As a young boy in Sunday school, I was taught the story of Genesis—I learned God had created all that exists in seven days. I also learned all of humanity had descended from two people, Adam and Eve.
As the years passed and I started taking science classes, I learned of another account of creation that seemed very different from this one. I learned that the universe had been created billions of years ago in a big bang and that humanity had descended from primates through the process of evolution.
The Biblical and scientific accounts of creation seemed like polar opposites to me, and I was not sure how to reconcile them. If the scientific account of creation is true, then does that mean God is false? There’s a preponderance of scientific evidence demonstrating the evolutionary account of our origins to be true; yet, the Genesis account came from the Bible and the Bible is the Word of God, so how could it be wrong? Genesis is one of the foundational texts of the Bible. If it is wrong about something so foundational, then everything else I learned in Church could be wrong, or worse, a lie. Or so it seemed at the time.
For many years, this conflict over creation frightened me. In search of some clarity, I decided to ask my pastor about this tension. At the time, I wondered if the Genesis account was simply misunderstood and if evolution was actually compatible with a literal reading of Genesis. So one day, while in Sunday school, I asked him whether or not Adam and Eve had been monkeys. My classmates grew silent and my pastor responded quickly, almost in a disapproving manner, “No, Adam and Eve were not monkeys.” After getting this response, I did not bother asking him or anyone else at church any more questions about science and religion. By the time high school started, the sense of conflict I felt between faith and science was great. When the Bible was brought up in school, both the students and some of the faculty would often mock it, primarily for its creation narrative. At one point in science class, the teacher had all of her students read an article on the Galileo affair. The article claimed that it took until the 1990’s before the Catholic Church admitted that Galileo had been correct about the earth revolving around the sun. This prompted my teacher and classmates to attack the Catholic Church, calling it dogmatic and out of touch with the world. Occasions like this were a large source of anxiety. This environment really tried my faith and made me question over and over again the existence of God and his proclaimed work in his Word.

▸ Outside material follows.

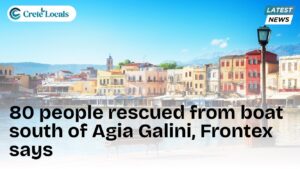 80 people rescued boat south agia galini frontex og | CreteLocals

Feeling like I couldn’t talk to anyone I knew about this, I turned to the internet with the hope of finding an answer. My faith was on the line and this was a struggle that had been culminating for years. After searching on the web for some time, I found a person who had some arguments for the reconciliation of faith and science. That person was Francis Collins.
After watching Dr. Collins in several interviews online, I found his arguments for a more allegorical interpretation of Genesis to be compelling. I was amazed that someone so successful in biology, especially someone who was once an atheist, is now an outspoken believer. After reading his book The Language of God, I began to view science and faith in a far less confrontational way. I later learned that Collins had started BioLogos in order to heal the divide between science and religion in the Christian world.

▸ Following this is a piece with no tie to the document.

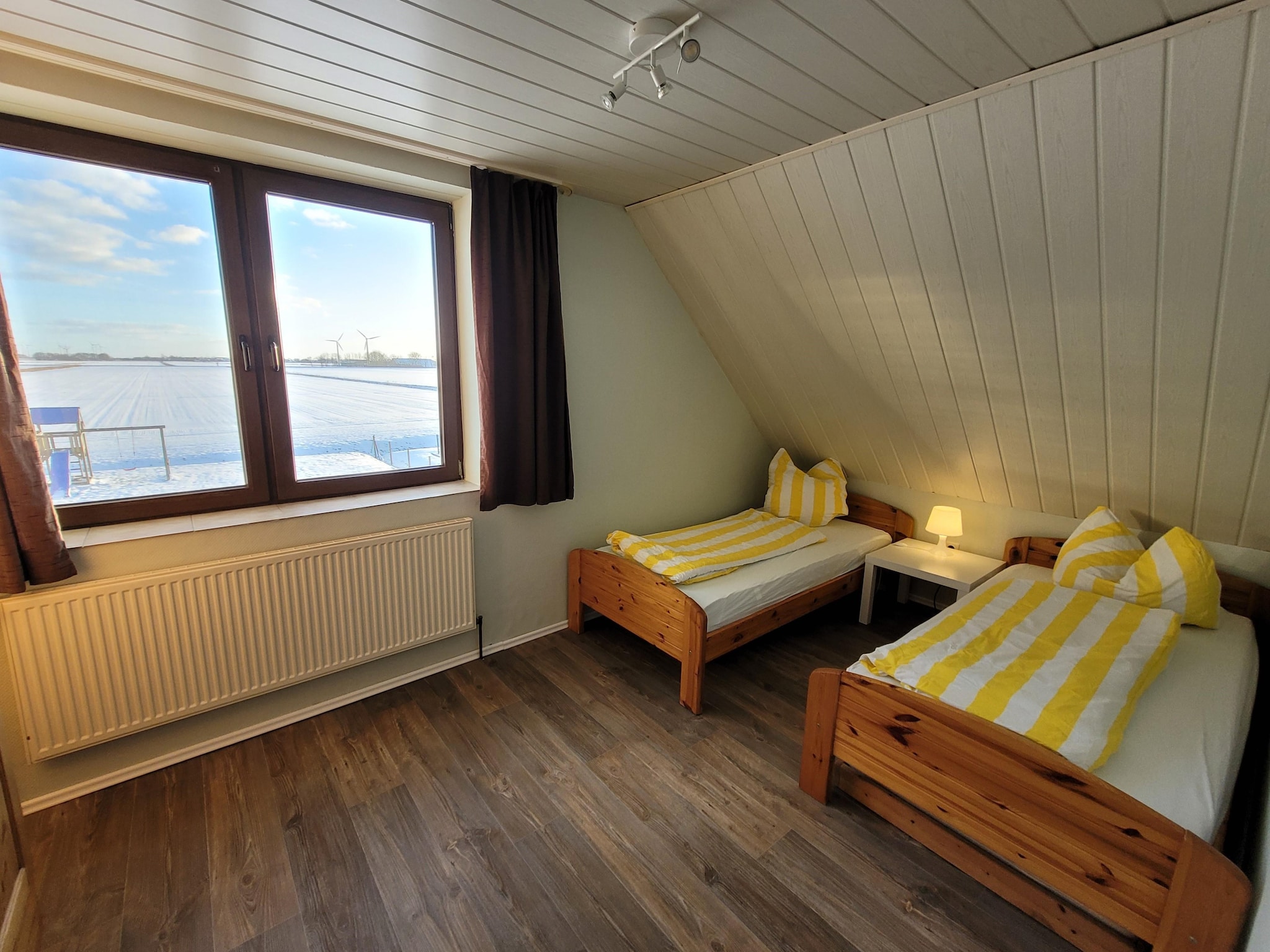 Ferienwohnung Fewo Wattkieker - Südseite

Collin’s organization is designed to help people with struggles just like mine! I am delighted to know that BioLogos is supported by people from so many different academic fields and walks of life, all advocating for the evolutionary creationist account of creation and for a greater harmony between Christianity and science. The blog posts by various historians, scientists, and theologians among many others have aided me in my understanding of history, evolution, and God.
In particular, I have found Dennis Venema’s posts on the basics of evolution to be highly informative and very engaging. Stephen Snobelen’s recent posts have also brought, I believe, a greatly needed response to many of Christianity’s critics and their arguments. His responses to the “conflict thesis” and the “medieval gap” show that the history of Christianity and science is not nearly as adversarial as most believe. I have also enjoyed the video interviews with theologian N.T. Wright.
BioLogos transformed my understanding of science and God. It made a big difference in my life, as I have learned to appreciate both science and theology for the knowledge they offer. This was really formative for me vocationally as well, as it has inspired me to study theology. I believe that both science and religion would be better off without further wars and antagonism. I hope that more people of faith, as well as the faithless—especially young people—will find BioLogos and learn of the harmonious perspective it has to share.